For those of you who know me well, you know I love me some granola! The trouble with making your own granola is that it can take a while in the oven to get it right. My oven granola takes about 40 minutes on low heat and then a little more time just sitting in the warm oven to get the right crunch factor. While it tastes great and totally worth the effort, sometimes I don’t have time to babysit granola. I’ve discovered that making this super quick and easy skillet granola has saved me time in the kitchen and allowed me to have one of my most favourite breakfasts and snacks in a hurry.
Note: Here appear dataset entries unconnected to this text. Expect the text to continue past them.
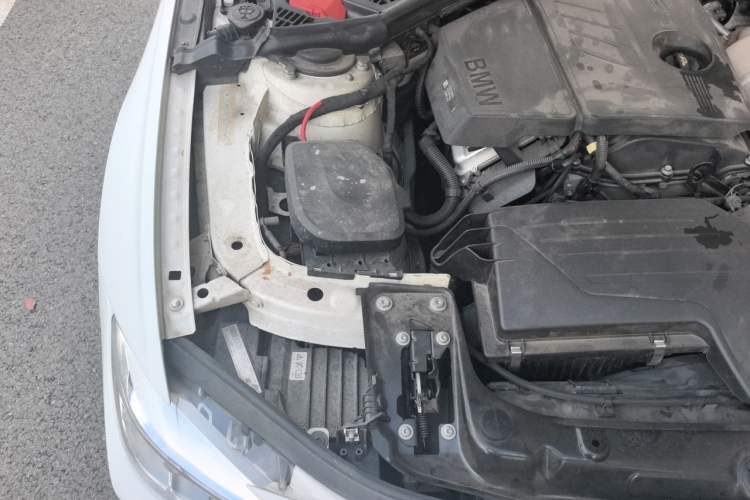 Used BMW 3 Series 2015 316Li Fashion Model Engine Bay Right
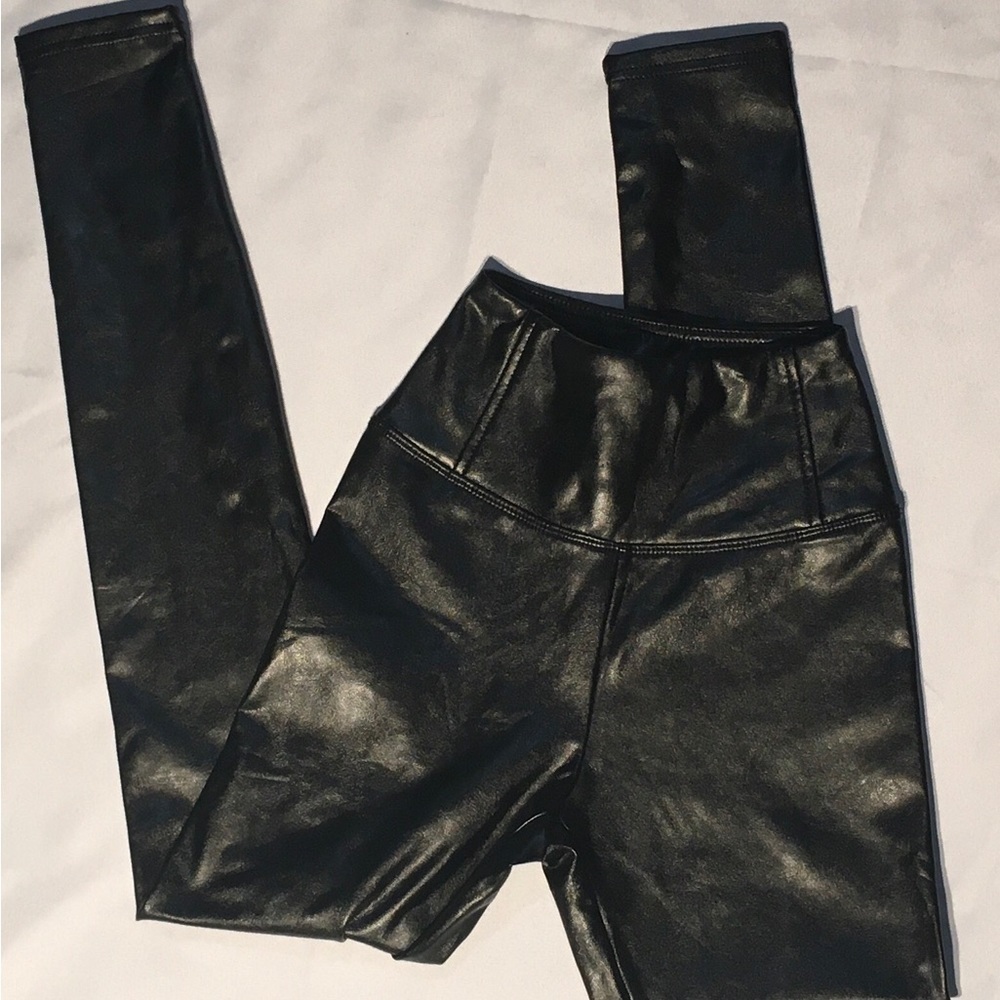 Black - super soft - faux leather- leggings- size XXS - Sexy Shiny women’s pants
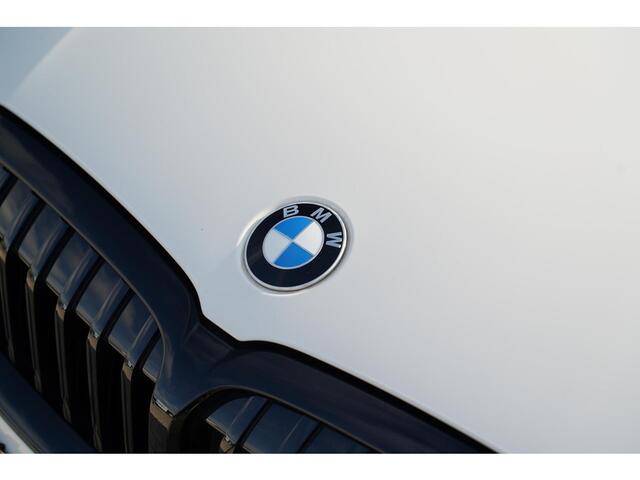BMW 3-SERIE Touring 318i High Executive M | M Pakket | Sportonderstel | Sfeerverlichting | Shadow Line | Stoelverwarming | LED | Dealer onde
Give it a try and let me know what you think!
Quick & Easy Skillet Granola
- 2 cups oats old fashioned
- 1/2 cup raw nuts almond, cashew, walnut, pecans or a mixture of these
- 1/4 cup raw seeds pumpkin, sunflower or sesame
- 1/4 cup unsweetened coconut shredded
- 1/4 cup real maple syrup
- 1 tbsp organic butter or coconut oil
- 1/4 tsp cinnamon
- 1 dash sea salt
- Pretend you are on a television cooking show and have everything ready to go in small bowls before you begin cooking. The granola toasts quickly and you won't have much time to measure ingredients while you are cooking. (I burnt my first batch.) In a large cast iron skillet, toast the oats, nuts and seeds over medium high heat. Watch closely as you don't want it to burn. This will take about 2-3 minutes and the mixture will start to turn a little golden. Add the maple syrup, coconut oil or butter, cinnamon & salt. Cook this for another 3-4 minutes. Remove from heat and leave in pan until granola has cooled and hardened into tasty crunch bits and pieces. Store in mason jars. Enjoy with yogurt or on ice cream.